Il s'agit le plus souvent de douleurs dans la poitrine couplées à des difficultés respiratoires. Le risque d'embolie pulmonaire est également lié à l'apparition d'une thrombose veineuse profonde qui peut se manifester par une douleur ou un gonflement unilatéral d'un membre inférieur. Il arrive aussi que l'embolie pulmonaire soit totalement asymptomatique.
Il s'agit tout d'abord d'identifier les personnes à risque. Certaines situations peuvent être délicates: l'immobilisation dans un contexte d'infection grave, de décompensation cardiaque ou de cancer. Certaines interventions chirurgicales ou traitements hormonaux comportent également des risques ainsi que la grossesse et le post-partum ou encore l'immobilisation plâtrée au niveau d'un membre inférieur. Sans oublier l'obésité...
Face à une suspicion d'embolie pulmonaire, la démarche diagnostique débute par une évaluation clinique soigneuse: recherche d'antécédents personnels et familiaux, évaluation des facteurs de risque éventuels, détection des symptômes et des signes objectifs (essoufflement inhabituel, douleur thoracique, crachats de sang, toux inexpliquée). Des examens complémentaires (en imagerie) sont également effectués de manière systématique.
Les patients sont traités par des anticoagulants destinés à ralentir la coagulation sanguine. Le traitement débute par l'administration d'héparine par voie sous-cutanée, relayée par des anti-vitamine K pris par voie orale. L'administration de ces médicaments impose un suivi relativement contraignant et fastidieux, qui nécessite une adaptation plus ou moins fréquente des doses; les anti-vitamines K présentent également des interactions multiples avec d'autres médicaments et avec l'alimentation.
Les traitements, en cours de préparation, ont tous un point commun: simplifier l'administration par un dosage fixe. Ils seront administrés par voie sous cutanée (à raison d'une injection par semaine) ou par voie orale (une prise quotidienne). Dans les deux cas, les doses seront fixes et ne nécessiteront donc pas d'adaptation posologique. Ces nouveaux traitements devraient être disponibles au plus tôt dans trois ans environ, en fonction de l'avancement de la recherche clinique.

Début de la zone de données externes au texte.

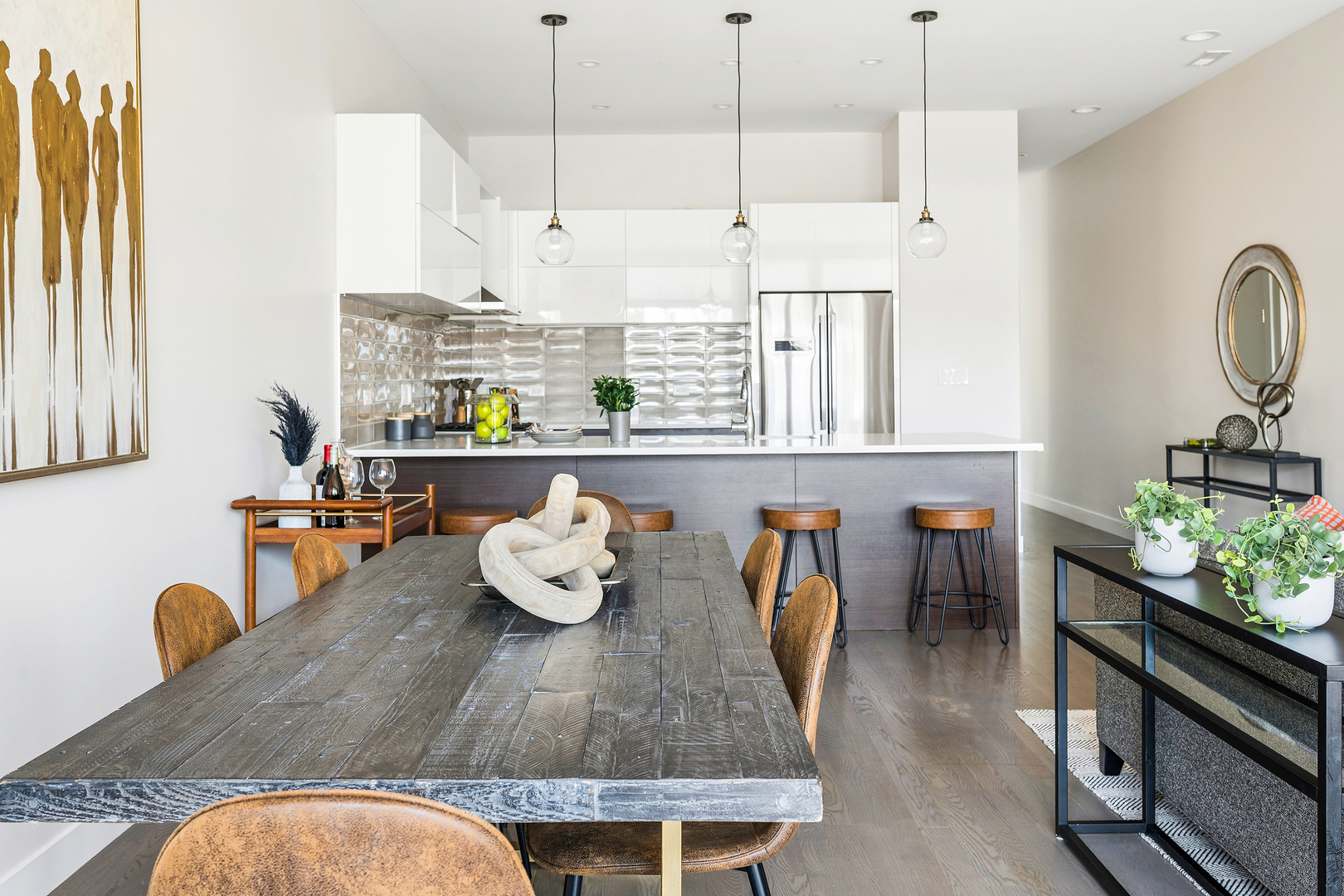 934 N California Avenue Unit: 2S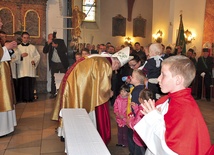 Dary na ręce biskupa złożyli m.in. przedstawiciele rodzin i rodzin zastępczych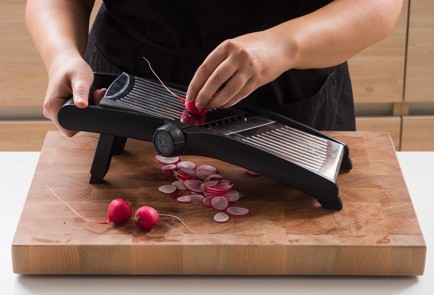 Фото шага рецепта Дачный тост с редиской и зеленью 152469 шаг 1  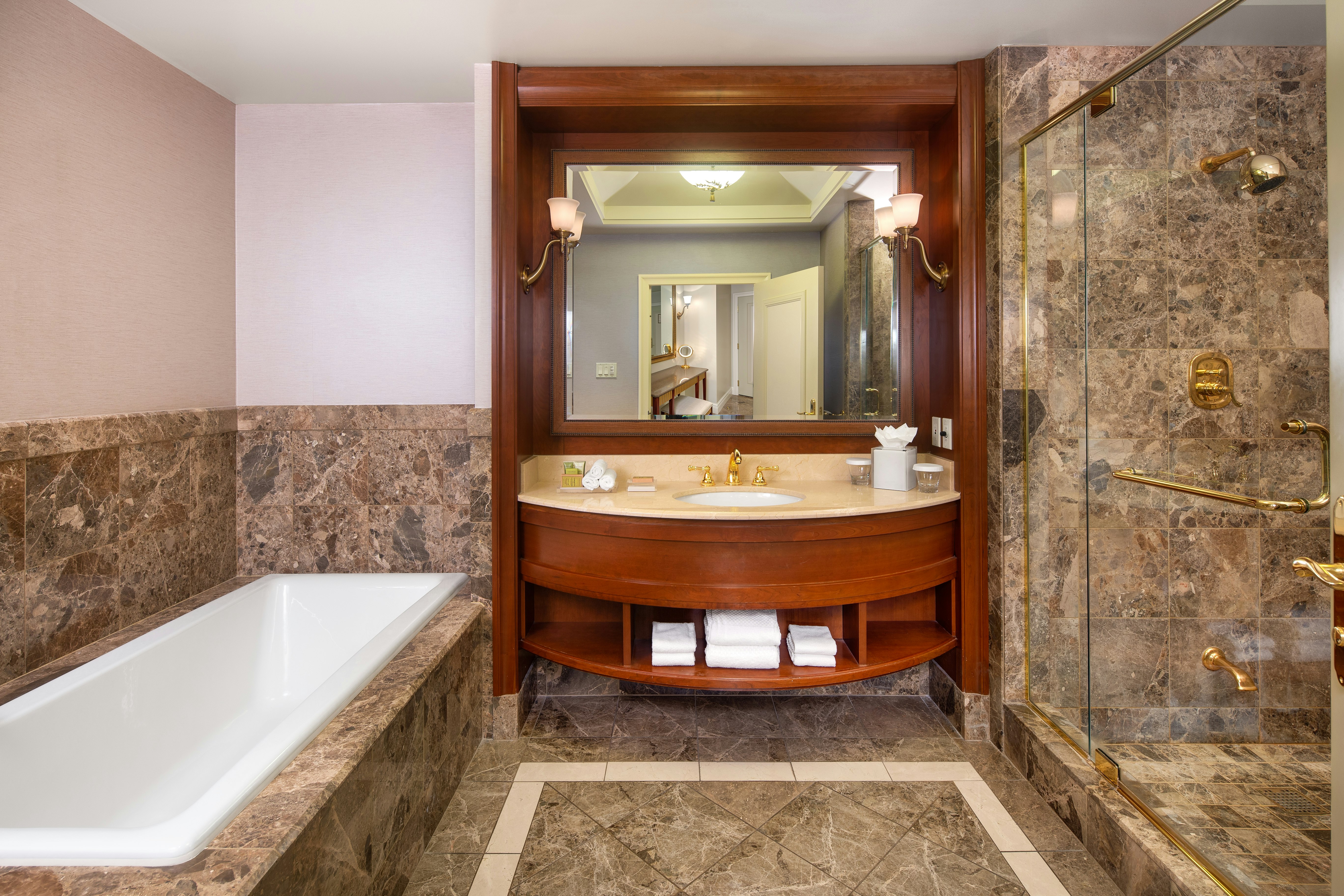 غرفة ديلوكس بسريرين كوين بإطلالة على البحيرة، Hilton Lac Leamy 3/4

L'évaluation et le traitement de ces pathologies sont réalisés par une équipe pluridisciplinaire unissant les compétences du Service des urgences (très attentif à cette pathologie), de la radiologie (pour le scanners et l'échographie) et des spécialistes de médecine interne (pour l'adaptation et le suivi du traitement). Une infirmière ressource a également été formée pour encadrer les patients dans la gestion dans leur traitement anticoagulant.
Le Service de médecine interne effectue par ailleurs de nombreuses recherches cliniques en collaboration avec les Urgences, dans le but d'améliorer le diagnostic et les traitements.